Task description: From the listing below, output the lines between the one with "2025 Volkswagen Taos S photo 8" and the one with "Idul Adha 1446", including those two, and nothing else. Pictures are not copied.

Given data:

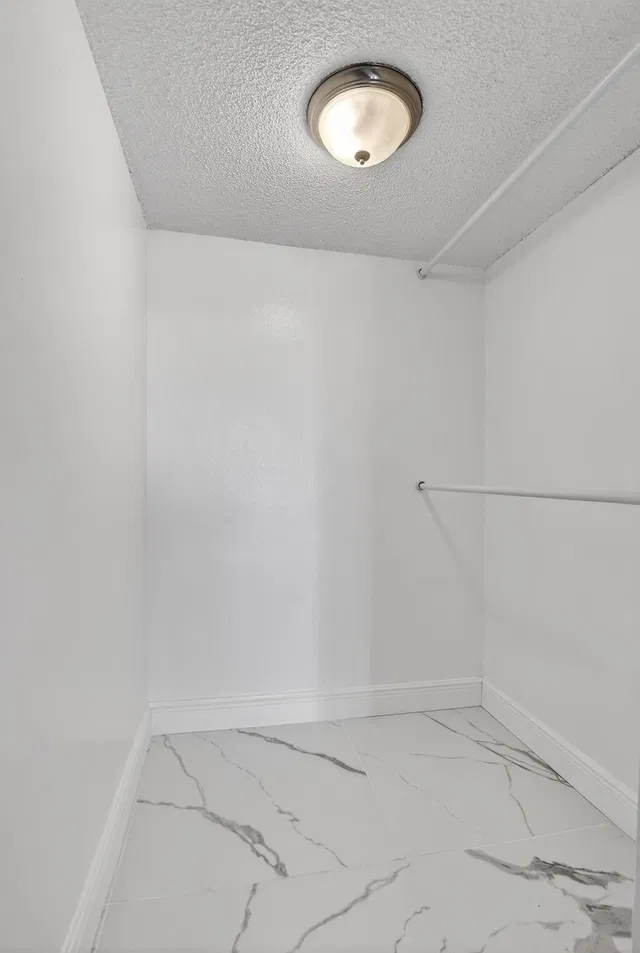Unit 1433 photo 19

==

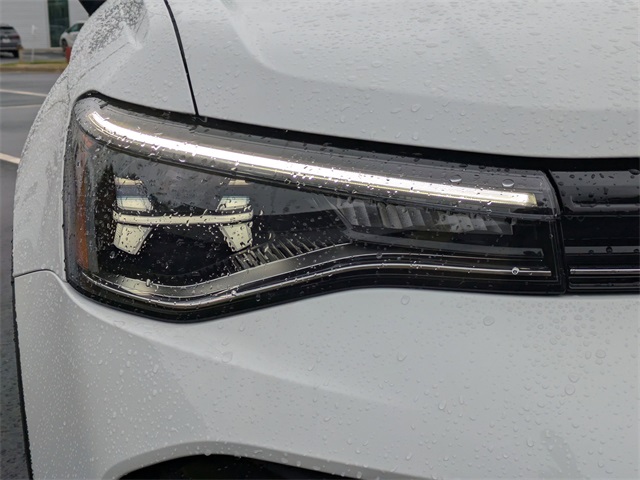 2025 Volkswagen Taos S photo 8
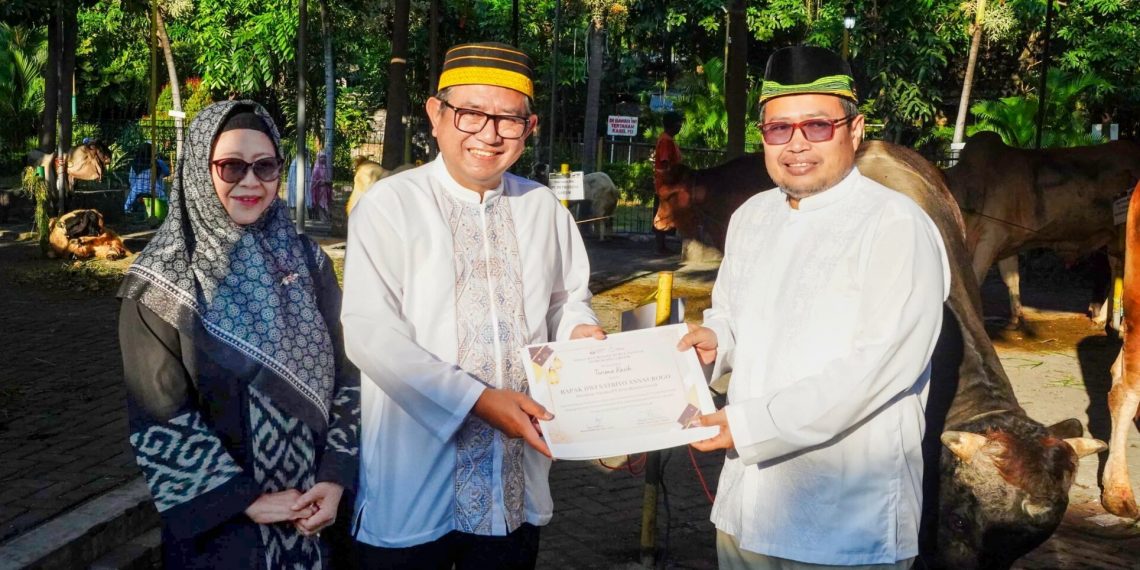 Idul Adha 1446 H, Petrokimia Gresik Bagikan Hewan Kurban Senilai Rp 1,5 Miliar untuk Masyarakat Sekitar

Result for this task:
 2025 Volkswagen Taos S photo 8
 Idul Adha 1446 H, Petrokimia Gresik Bagikan Hewan Kurban Senilai Rp 1,5 Miliar untuk Masyarakat Sekitar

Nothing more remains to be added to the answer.